The Oppenheimer Group | Strategy
A strategic commitment to finding the freshest ideas
If ever there was a crisis to knock a company off its five-year plan, COVID-19 was it. The global fresh produce industry was among the hardest hit, roiled by wave after wave of supply and demand issues. Consumers around the world initially hoarded goods and then stayed away from stores. Strawberries sat in parked trucks wilting, unable to be unloaded. Containers full of oranges coming from China were weeks late. Spoilage occurred on a massive scale, as Mother Nature waits for no one.
But The Oppenheimer Group (more commonly known as “Oppy” in the trade), wasn’t swayed. The Canadian privately held business got its start in 1858 providing food to gold prospectors in British Columbia. Today it's one of the world's largest fresh produce companies, with nearly US $1 billion in annual sales and a distribution system that spans the globe. Even as it helped its vast network of growers and retail, wholesale, and foodservice buyers come to grips with the acute fallout from the pandemic, Oppy’s regular annual planning process took place as usual.

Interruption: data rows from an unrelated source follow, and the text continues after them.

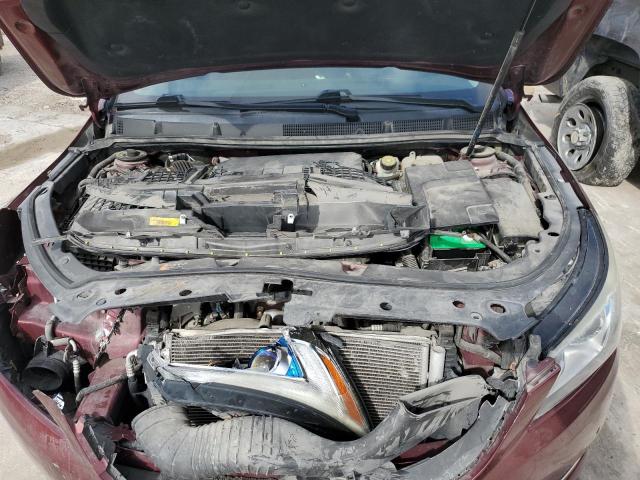 Photo 7 from auction – 2015 BUICK LACROSSE with VIN 1G4GA5G3XFF117871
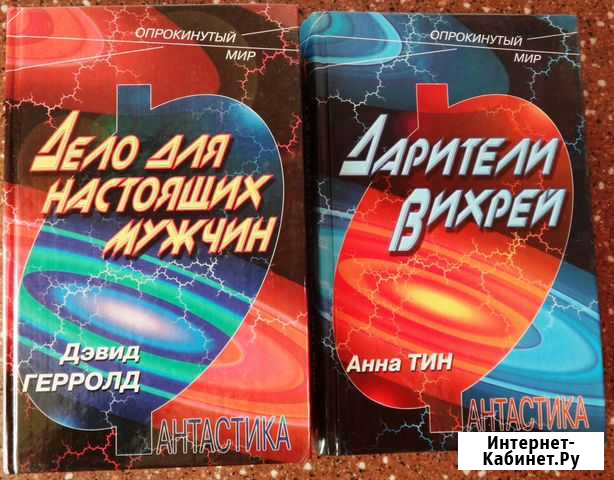 Серия Опрокинутый мир Комсомольск-на-Амуре - изображение 1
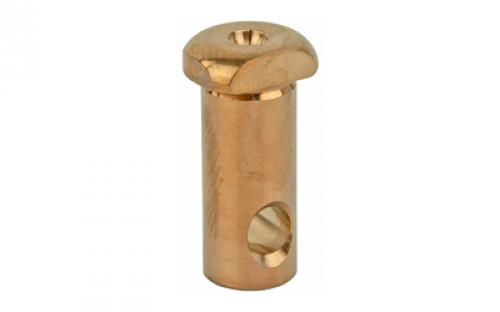 LanTac USA LLC CP-R360, 556NATO Cam Pin, Brass Finish, Works on All Mil-Spec BCGs 01-UP-556-CP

“The produce has to come off the vine, there’s not much you can do about that,” says John Anderson, Oppy’s chairman and chief executive officer. “But when it came to our strategic planning, we adapted to the change and didn’t drop the process anywhere.”
Just as it does every year, Oppy sent out a survey to all of its employees, asking them to identify the company’s strengths and areas needing improvement. Starting in March 2020, when the pandemic was already in full force, it brought together its “Champions of Change” in each department, by video conference, to pore over 100-plus pages of results. These “Champions” include not just managers but employees identified as potential future leaders, and they conclude by agreeing on four to five different points worth elevating to senior leadership. This information is combined with survey results from board members, executive leadership insights, retail scanner data by category, and macroeconomic perspectives. June is the month all of the company’s managers meet to review the information and set or affirm its strategic goals.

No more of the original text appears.